There are lots of pubs across the county offering a traditional roast, but somehow Penda always remembers to book too late. And booking is essential if you don’t want to spend time in the bar beforehand.
We got lucky with The Lamplighter, but not for lunch, more of a ‘linner’, a lunch and dinner combo, at 4pm.
The Lamplighter is a backstreet pub dating back to the 1880s, and was formerly known as the Overstone Arms. It served the shoe factories and associated two-up, two-downs that surround it, now long gone or derelict.

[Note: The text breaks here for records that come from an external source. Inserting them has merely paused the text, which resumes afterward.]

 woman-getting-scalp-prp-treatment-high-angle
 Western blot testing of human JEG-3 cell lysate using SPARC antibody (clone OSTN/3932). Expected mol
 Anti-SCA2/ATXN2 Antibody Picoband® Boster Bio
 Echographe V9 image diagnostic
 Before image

As The Lamplighter, it’s seen Northampton’s more recent social history, losing and gaining trade with the arrival and removal of the nearby, once bustling, Chronicle building. But as other pubs in the town faced difficult times with a changes in drinking culture, The Lamplighter adapted again, focusing on good food, beer and regular live music that has attracted a diverse age range in its regulars.

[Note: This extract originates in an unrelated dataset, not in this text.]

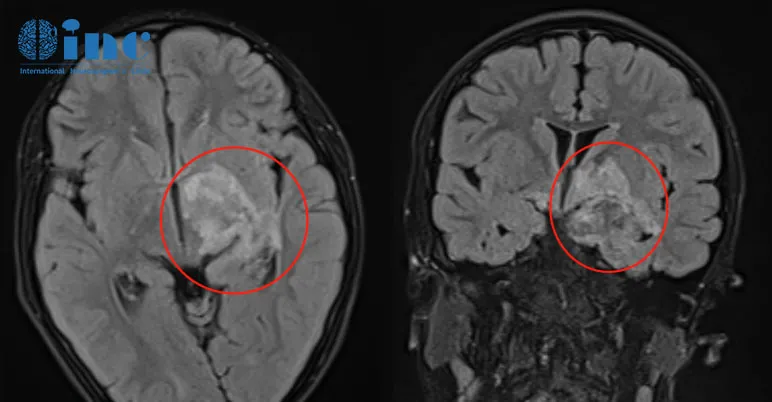 第一次术后MRI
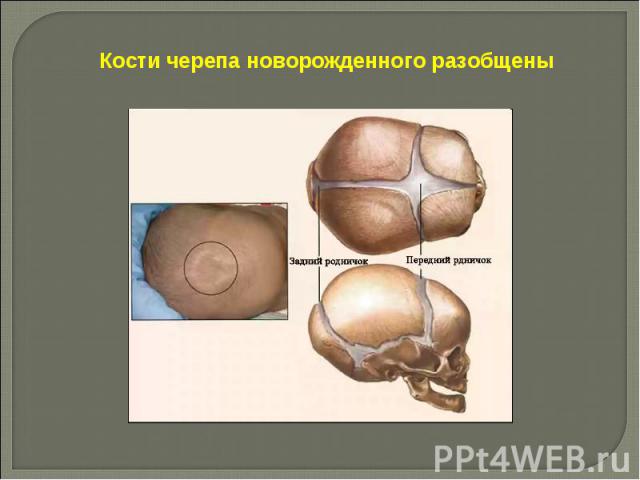 Кости черепа новорожденного разобщены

The menu knows what works – a good range of seasonal choices, daily specials with roasts and pies alongside a decent range for vegetarians too.
It was packed on our Sunday, with most of the tables in the main bar full of diners and another 50 covers upstairs. We were seated quickly, drinks were delivered without a wait, and our food order was in the kitchen with speedy efficiency.
You can chose smaller portions for smaller appetites, and our wobbly-toothed companion had a half roast pork dinner (£5.95) that was hardly much smaller than the full sized beef version(£12.95). The third of our group had a steak and ale pie (£11.95), and all the meals arrived with a Yorkshire pud, veg and gravy.
We’d ordered an extra side of cauliflower cheese, which actually tasted of cheese and was well-cooked, not soggy (£3.50). We didn’t need it as the mains came with perfectly-cooked broccoli, kale, carrots and peas.
A request for extra gravy was met cheerfully. The food was really very good, and puds were ordered: a sticky toffee pudding with caramel sauce and icecream, a huge brownie and icecream, and a slice of cake with strawberries, blueberries and white chocolate. The latter was the only dud: it was, as Prue Leith might say, rather more dense than sponge should be. Still ate it though.
Our afternoon linner was a hugely enjoyable, in the pleasant setting of a decent pub, with its old wood and exposed bricks, without being anyway fusty or false.
The total bill, with a few soft drinks, a G&T and a coffee, was £66. We were so stuffed we spent the rest of the day slobbed out in front of the TV, as Sundays should be. With all teeth hopefully still intact.